# [THE RECORDS]
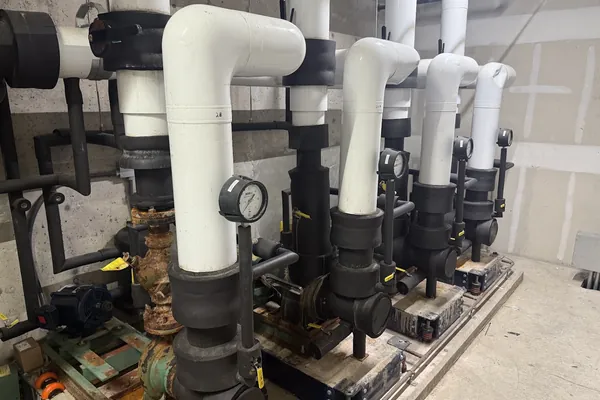 Insulated pump and piping manifold in a mechanical room
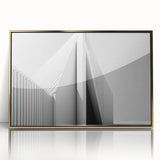 Mid-century modernist art deco poster featuring geometric shapes in gold and black, framed acrylic.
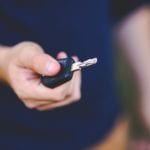Closeup of hand with car key, rest of body is out of focus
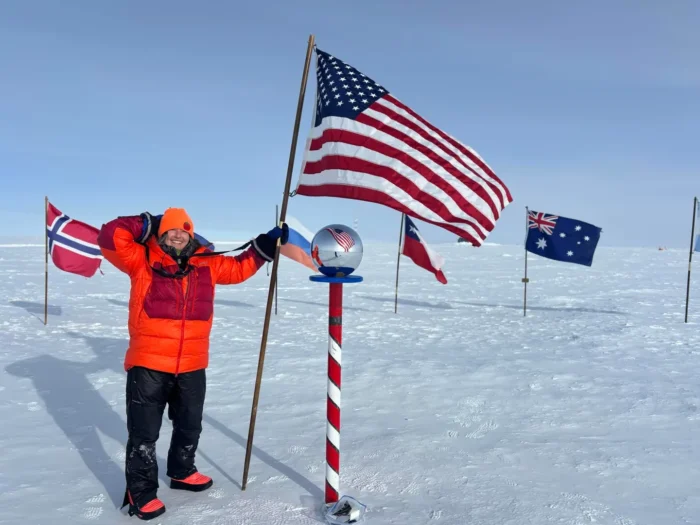 Monet Izabeth standing at the ceremonial South Pole marker in Antarctica.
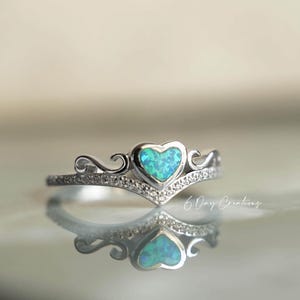 Op de afbeelding: Zilveren ring met een hartvormige, blauwgroene opaalsteen. De ring heeft een kroonontwerp met kleine, heldere stenen en decoratieve krullen. De tekst "6 Day Creations" is zichtbaar.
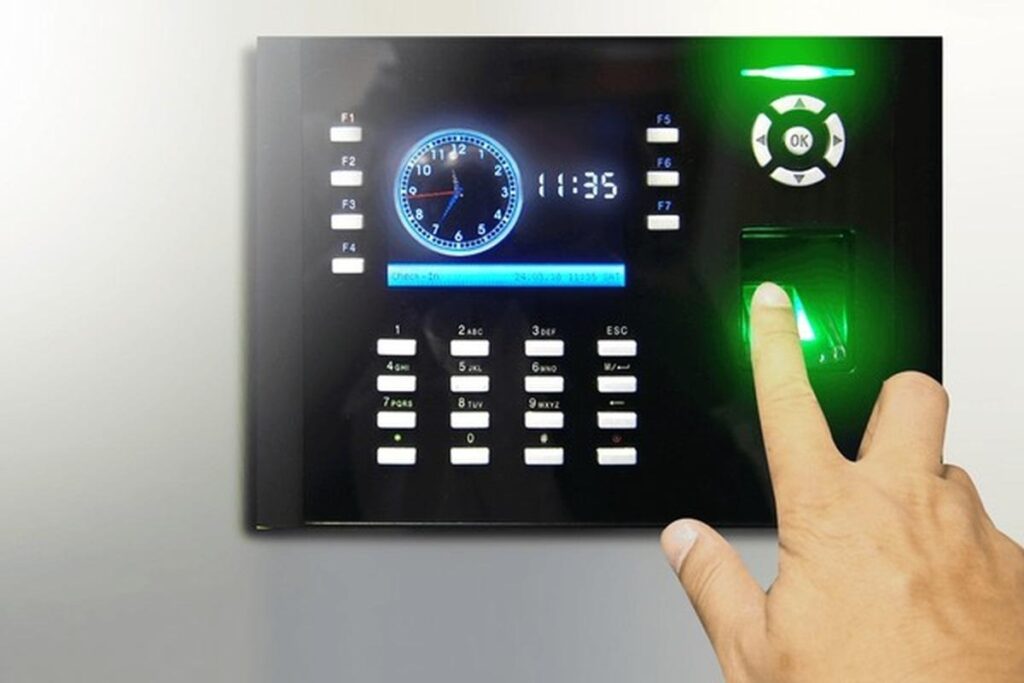 Access control keypad with numeric pad and a glowing green fingerprint reader being pressed by a hand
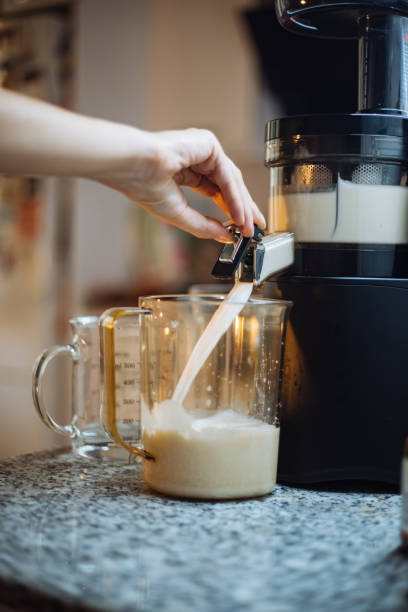 istock Woman making home made almond milk 1241616306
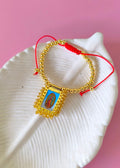 Pulsera escapulario con tejido de mostacilla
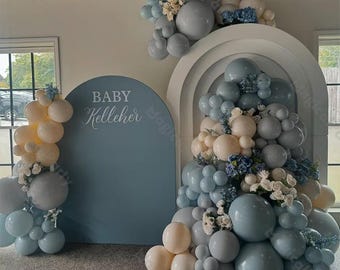 Könnte beinhalten: Ein blauer und weißer Ballonbogen mit einer blauen Hintergrundwand, auf der "BABY Kelleher" in weißer Schrift steht. Der Bogen besteht aus verschiedenen Größen von Ballons in Blautönen und Weiß.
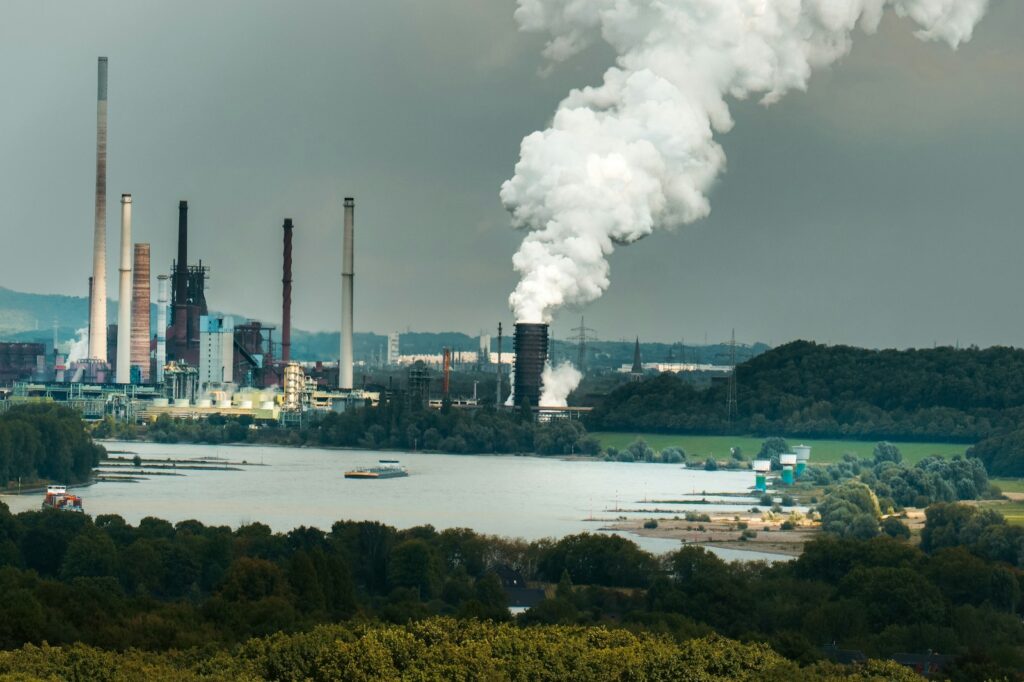 Industrial complex with smoke billowing from stacks.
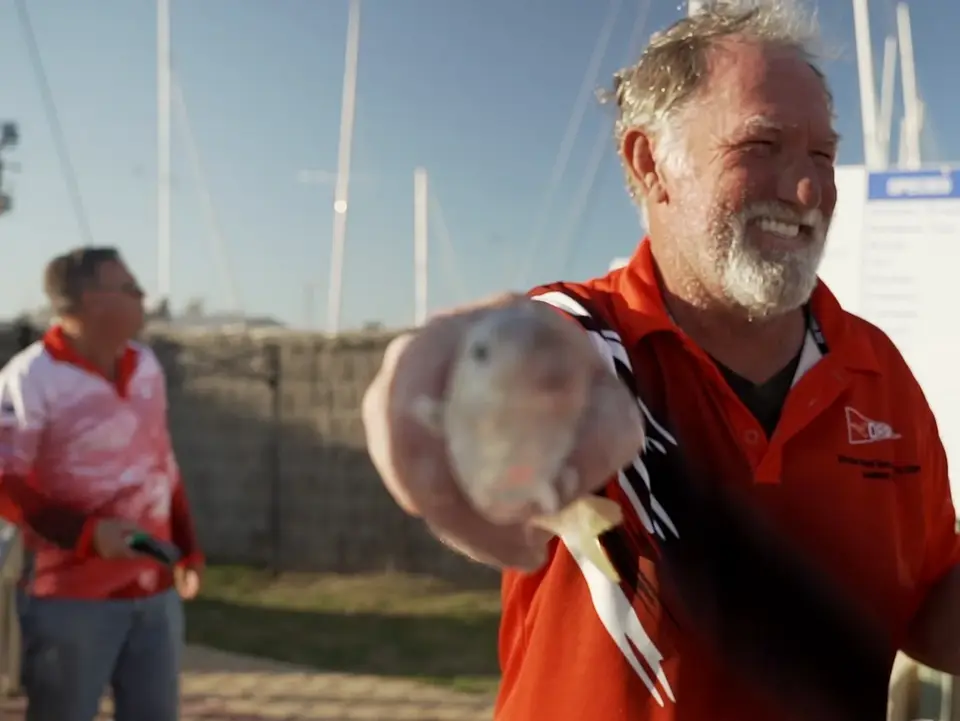 Smiling man holding a racing pigeon at an outdoor event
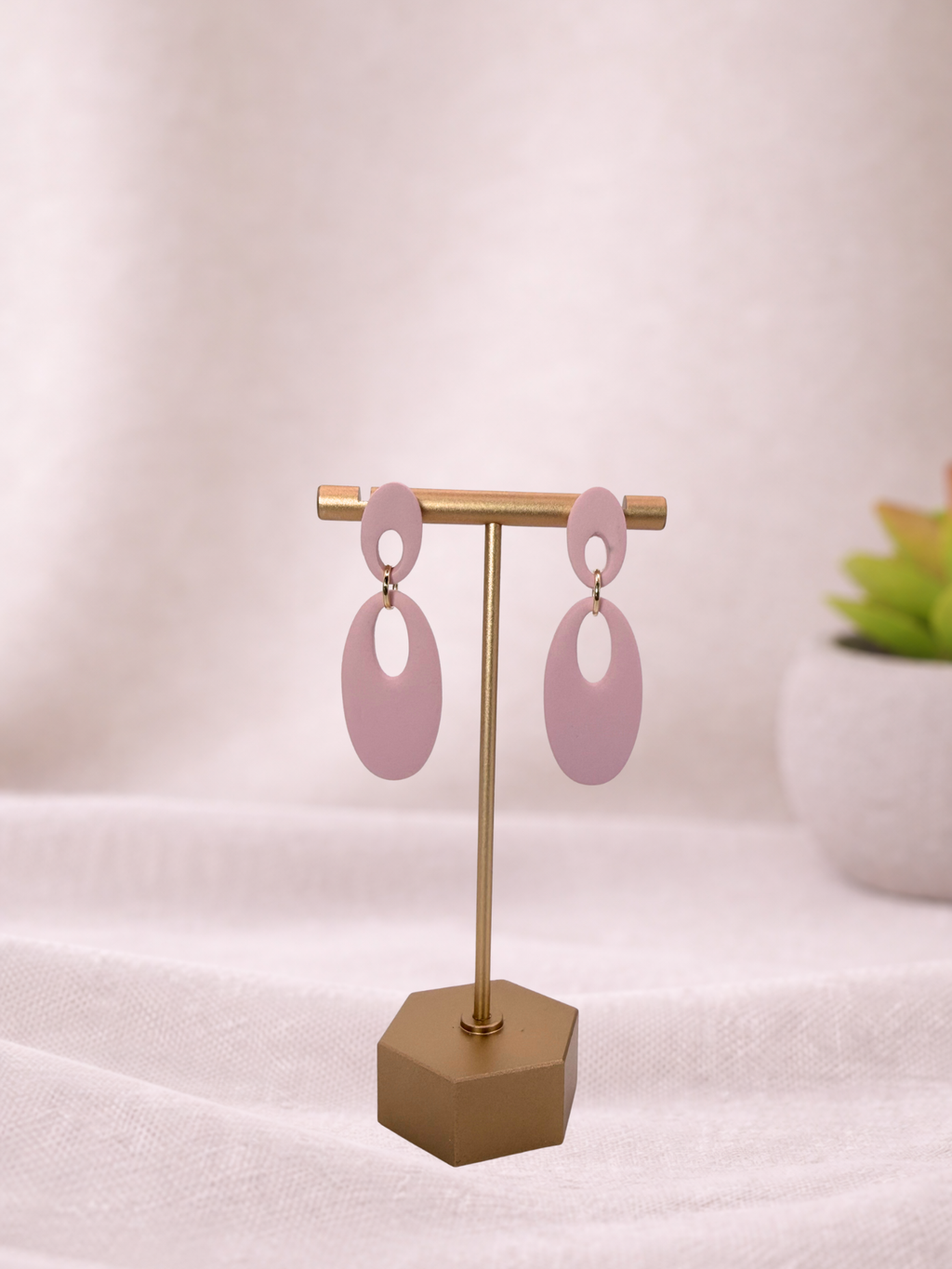Fable Clay Co Reese minimal oval drop earrings with smooth, oval-shaped clay drops hanging from gold-tone hooks.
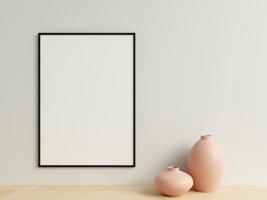 Clean and minimalist front view vertical black photo or poster frame mockup hanging on the wall with vase. 3d rendering.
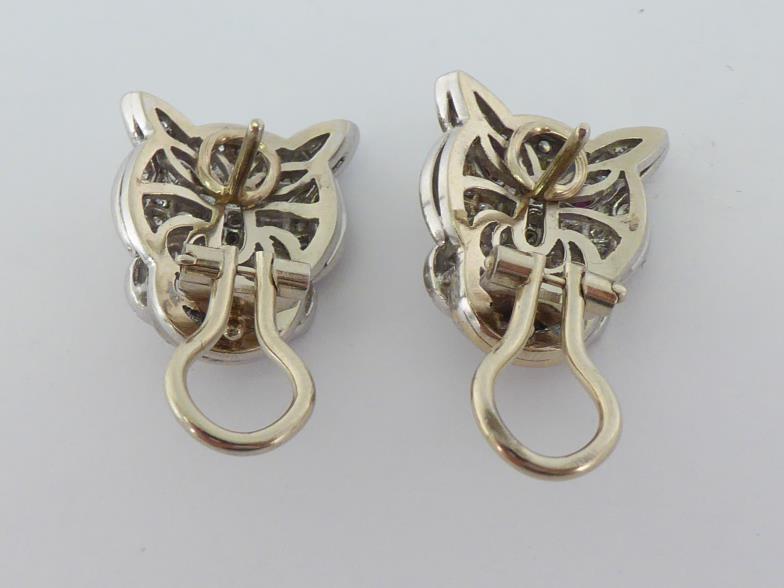 A pair of diamond and ruby ear clips, designed as panther heads, pave set overall with ruby set - Image 3 of 3
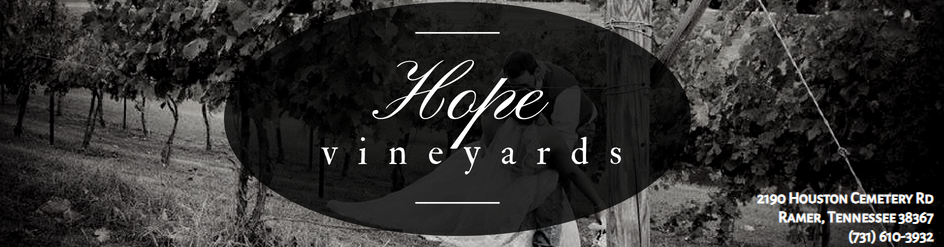 Black-and-white vineyard banner with the words “Hope vineyards” over a scenic landscape.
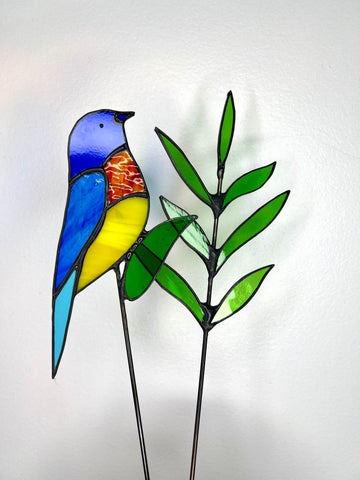 stainedglass rainbow bird and green leaf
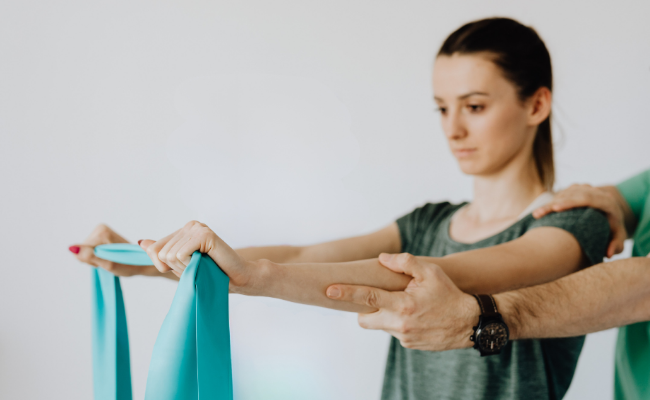 Physiotherapist guiding a patient through a resistance band arm exercise at home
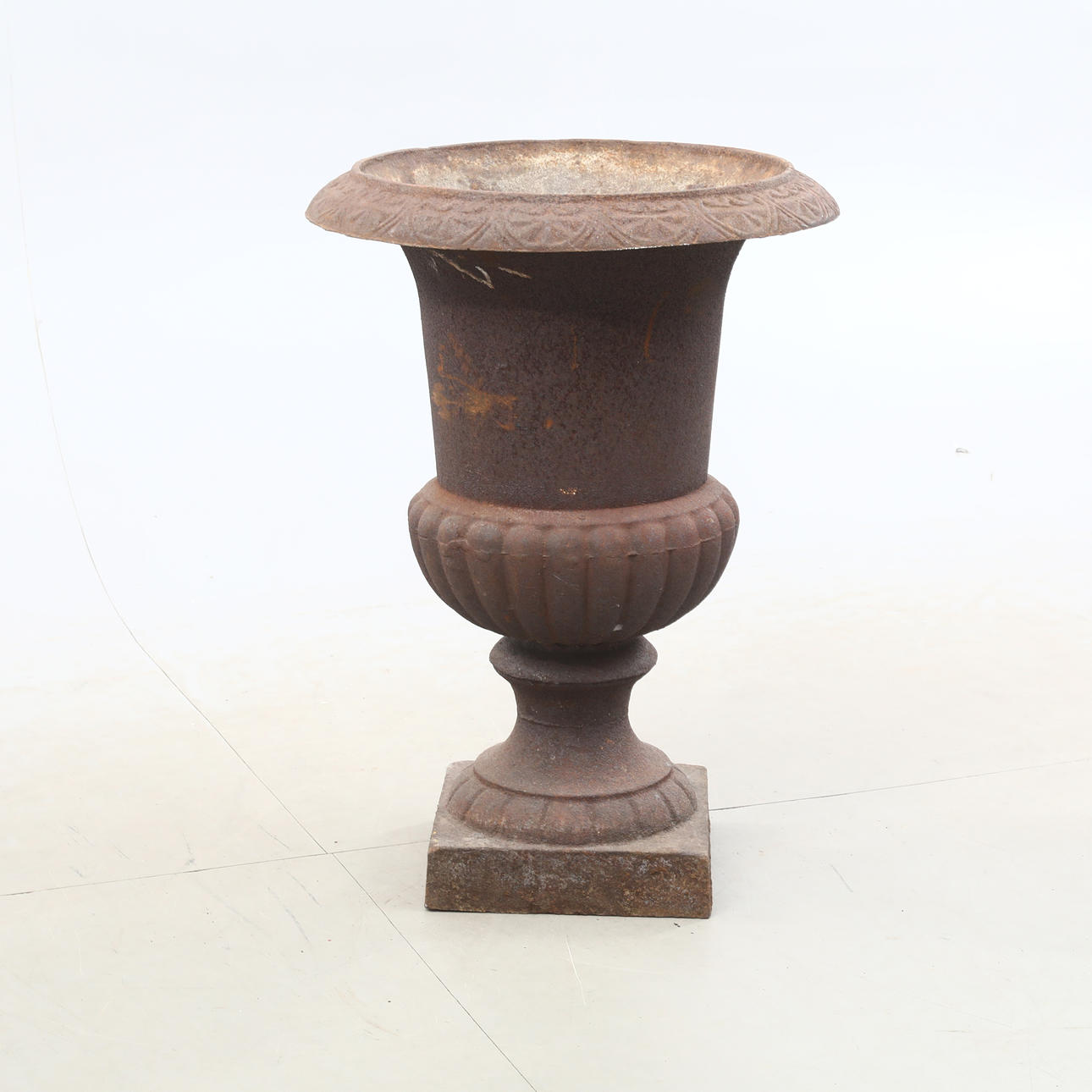 A cast iron urn.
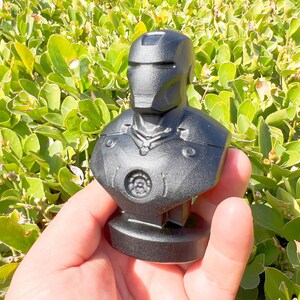 Puede incluir: Un busto negro de Iron Man, que presenta el casco y la armadura del pecho del personaje. La escultura se presenta sobre un fondo de follaje verde, destacando el dise&ntilde;o detallado y la textura del traje del superh&eacute;roe.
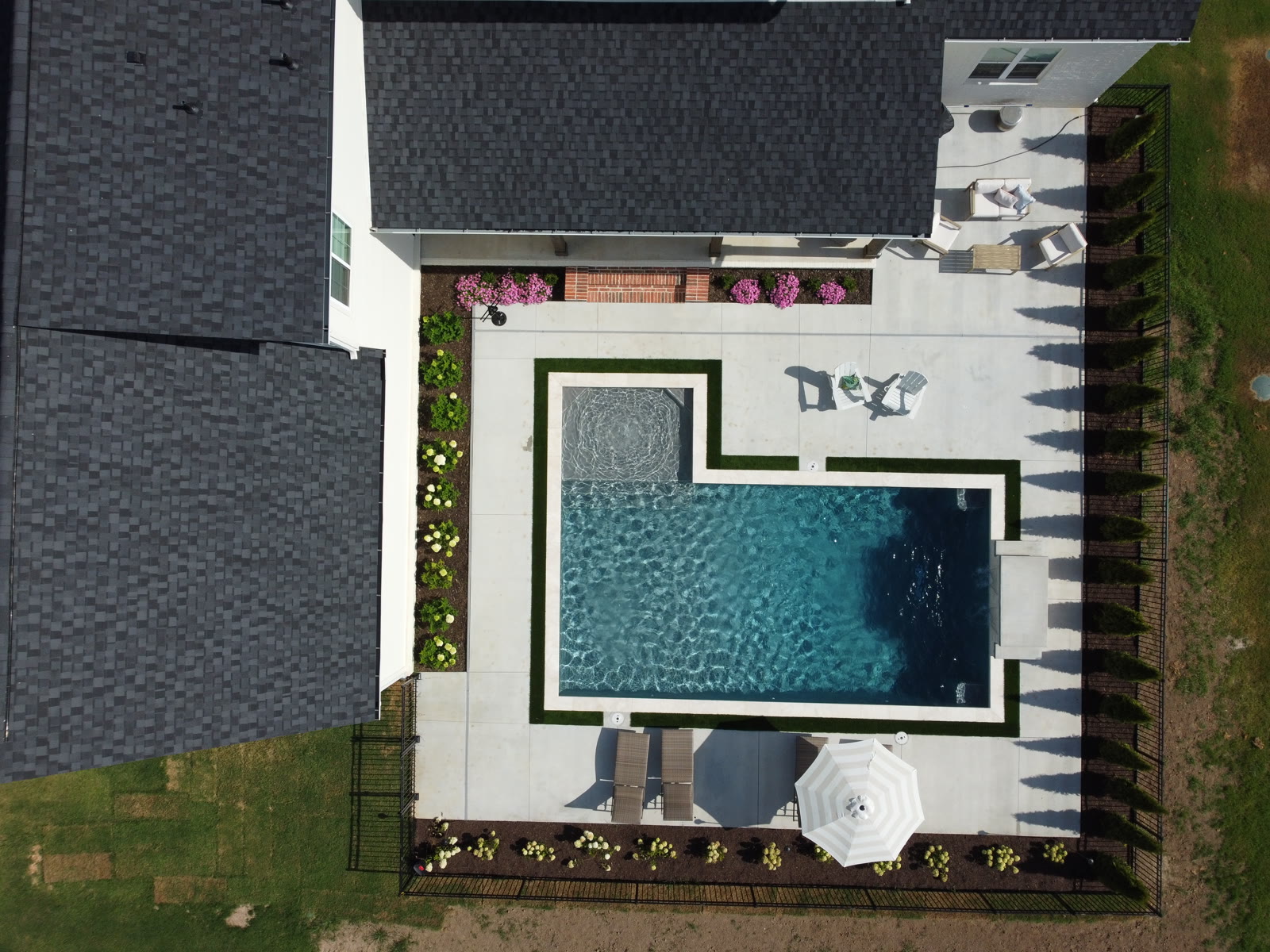 Top-down aerial of custom L-shaped inground pool with tanning ledge - Northwest Arkansas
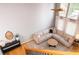 Bright living room featuring a high ceiling, large windows with curtains, and comfortable seating area at 2720 Stillwater Lake Ln, Marietta, GA 30066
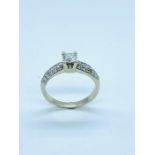 A modern solitaire diamond ring with diamond shoulders in 18 ct white gold setting. Central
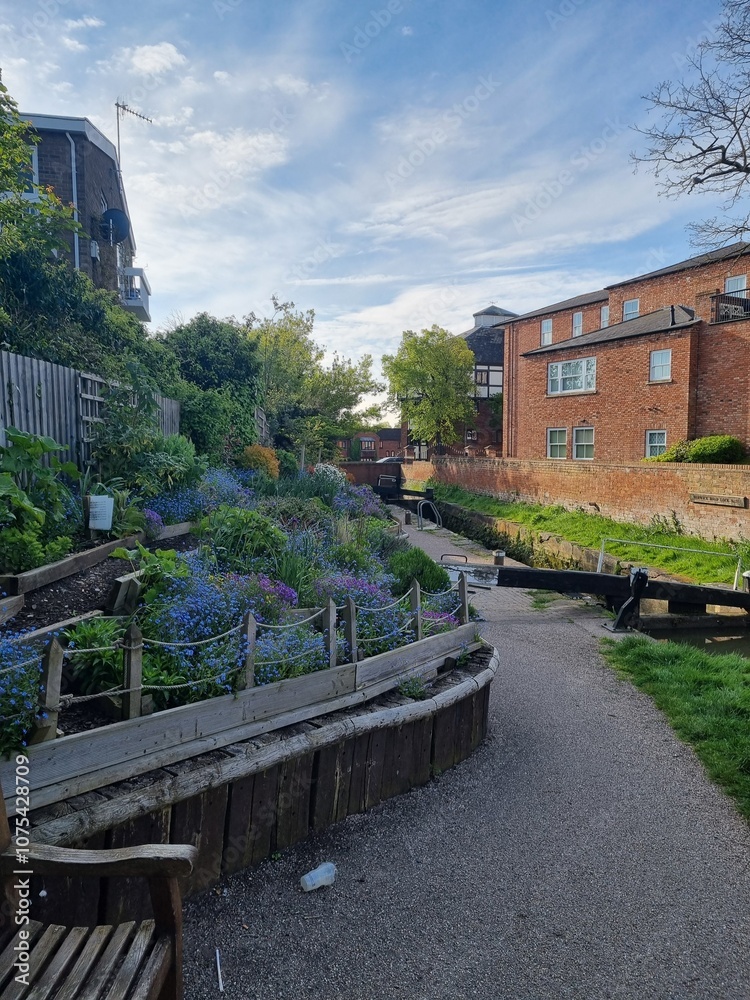 Fototapeta premium Flowerbed by the canal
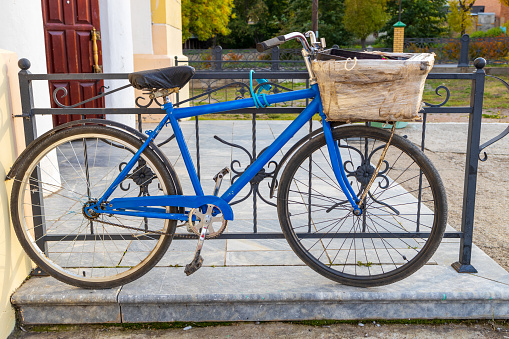 an old blue bicycle with a basket in front stands and a fence in front of the store. shopping on a bike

# [EXERCISE OBJECTIVE]
Only one stretch of the entries above is needed: the lines from the one containing "Industrial complex with" through the one containing "stainedglass rainbow bird and green leaf". Copy it exactly, without the pictures.

# [FINISHED TASK]
 Industrial complex with smoke billowing from stacks.
 Smiling man holding a racing pigeon at an outdoor event
Fable Clay Co Reese minimal oval drop earrings with smooth, oval-shaped clay drops hanging from gold-tone hooks.
 Clean and minimalist front view vertical black photo or poster frame mockup hanging on the wall with vase. 3d rendering.
 A pair of diamond and ruby ear clips, designed as panther heads, pave set overall with ruby set - Image 3 of 3
 Black-and-white vineyard banner with the words “Hope vineyards” over a scenic landscape.
 stainedglass rainbow bird and green leaf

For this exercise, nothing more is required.